If you want to reduce your company's carbon footprint and dream of implementing eco-friendly renovations to your building, consider installing a green roof on your property. While you may have heard that green roofs are expensive to build and maintain, in the long run they make more economic sense than traditional roofs because of their environmental benefits, sound insulation, and energy usage benefits.

So, dismiss negative thoughts or myths you have about green roofs and begin your planning by consulting with a commercial roofing contractor. In the process, you should explore what types of plants would thrive on a green rooftop so you can begin planning the layout of vegetation.

Green Roof Basics

Your new roof will consist of several layers to help plants grow and provide proper drainage. In addition to the roof surface, the layers will include waterproofing and drainage membranes. Above these layers, the roofing contractor will include a soil screen and soil.

Once your green roof is installed, your business will be naturally insulated against extreme temperatures, which will help to reduce your heating and cooling costs. In addition, a green roof helps to reduce runoff from storm water.

You will specify what type of soil and plants the roof will hold when working with your roofing expert. Green roofs that have walkways and multiple separate areas for different types of plants are called intensive roofs. However, you can keep it simple if you have a flat tar or gravel roof, which is the type found on many commercial buildings. A reputable roofing contractor should be able to work with any type of roofing material to convert it to a green structure.

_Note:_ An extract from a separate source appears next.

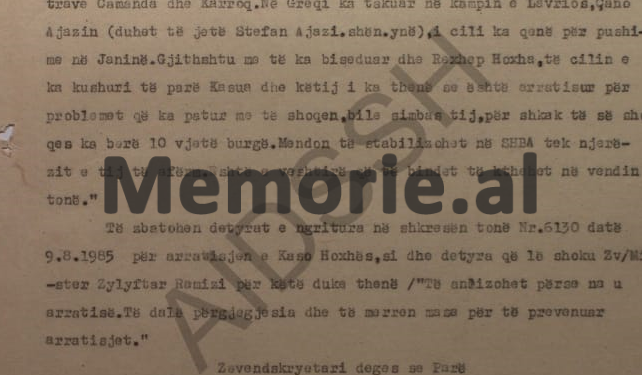 “I arratisuri Kaso Hoxha, ka deklaruar në policinë e Igumenicës, se në kampin e Spaçit ka qenë së bashku me 18 ish-ministra dhe disa oficerë të lartë…”/  Raporti i shefit të Sigurimit, Neim Reçi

The grass that you select for your green roof should be drought-tolerant and able to withstand direct sunlight for several hours. You do not want to plant typical lawn grasses the require frequent watering to stay green and healthy or plants that will damage the roof's membranes. Grasses or grass-like plants that you can grow successfully on a green roof include bahiagrass, carex nigra and armeria maritima.

Bahiagrass is a warm-season grass that can withstand adverse soil conditions and high temperatures. Carex nigra is a low-growing sedge and a perennial. It is ideal for roofs because it does not require as much soil to grow as other grasses. The grass of carex nigra is a blue-green or blue-gray color.

Armeria maritima, also called sea thrift, is a low-growing, drought-tolerant perennial that produces vibrant green blades and small pink flowers. It is great for green roofs because it can survive full sun.


Succulents are an obvious choice for green roofs because of their ability to go without water for long periods of time and their ability to adapt to desert-like climates. Succulents store water in their leaves. Typically, they have thick, fleshy foliage and may have spines and thorns.

If you want succulents on your roof, choose low-growing varieties that do not produce many thorny parts such as echeveria, lithops, and delosperma. Echeverias are attractive succulents that grow into rosettes of light green and pale pink leaves with a short thorn on the end. Depending on the variety, the thorn can be dull and harmless.

Lithops, also known as living stones. have a very distinct appearance. The grow into small, stone-like formations and produce yellow or white flowers.

Delosperma, also known as ice plants, are succulents that serve as ground cover. The plants produce short, thick leaves that seem to shimmer in the light, hence the common name of the plant. Ice plants also produce vibrant flowers in shades of pink and yellow. As they spread across the landscape, the flowers create a colorful ground cover. Planting ice plants will give your roof a colorful, all-natural covering.

No matter what type of vegetation you choose, your green roof will help you save money on energy costs in the long run and make your employees proud that they work for an eco-friendly employer.